Exercise brief: Please retype the listing below exactly as it stands, skipping any pictures.

Dataset extract:
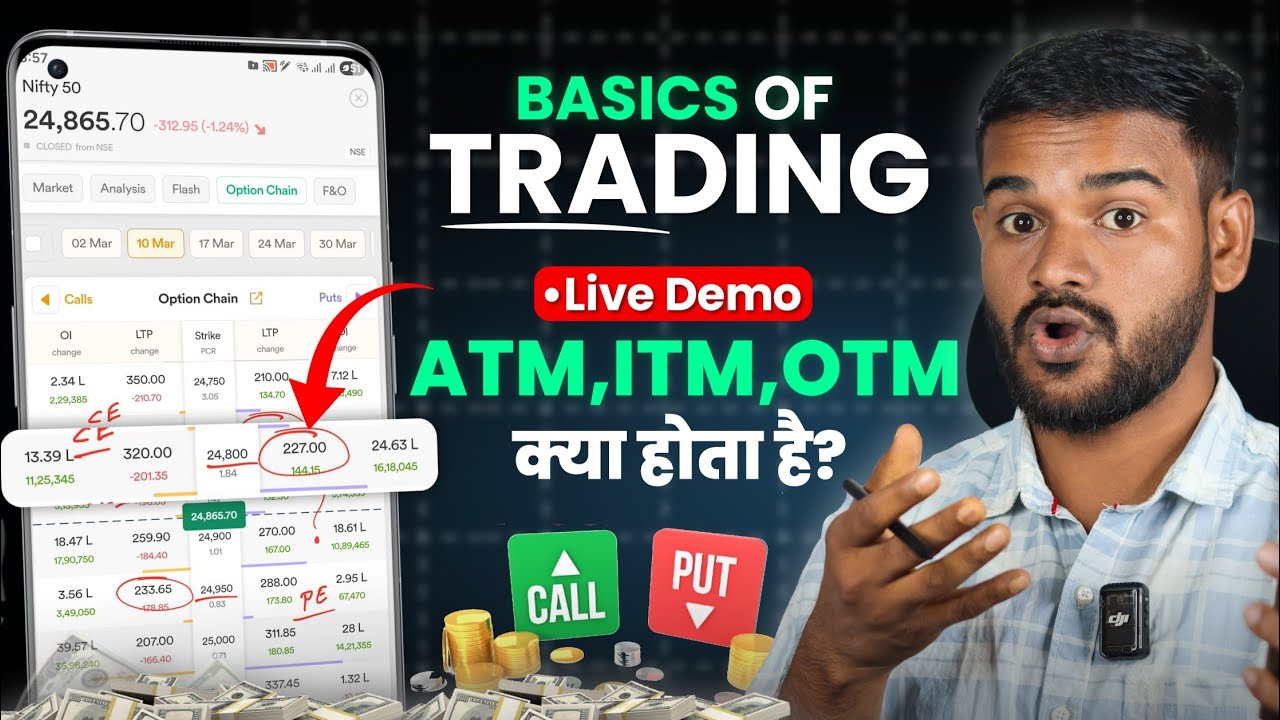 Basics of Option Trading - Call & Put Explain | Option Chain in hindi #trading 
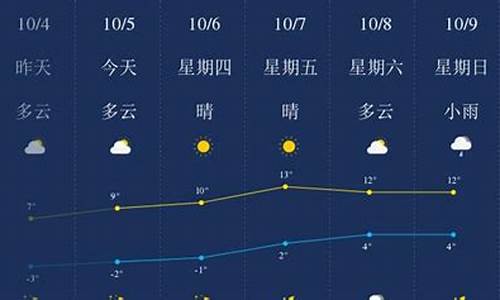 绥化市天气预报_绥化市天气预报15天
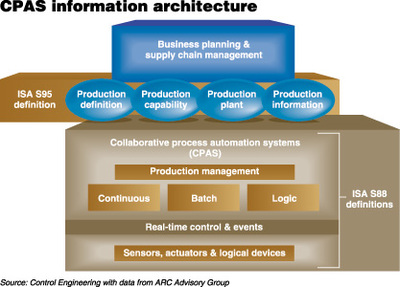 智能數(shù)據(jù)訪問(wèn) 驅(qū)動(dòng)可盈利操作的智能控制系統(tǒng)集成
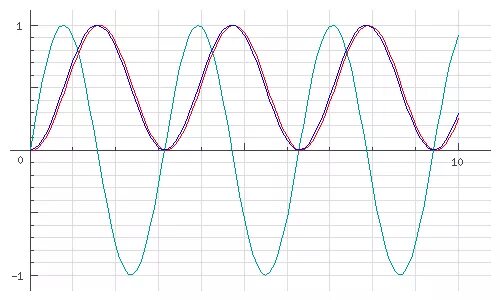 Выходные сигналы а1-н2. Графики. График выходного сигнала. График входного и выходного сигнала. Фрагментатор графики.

Exercise answer:
 Basics of Option Trading - Call & Put Explain | Option Chain in hindi #trading 
 绥化市天气预报_绥化市天气预报15天
 智能數(shù)據(jù)訪問(wèn) 驅(qū)動(dòng)可盈利操作的智能控制系統(tǒng)集成
 Выходные сигналы а1-н2. Графики. График выходного сигнала. График входного и выходного сигнала. Фрагментатор графики.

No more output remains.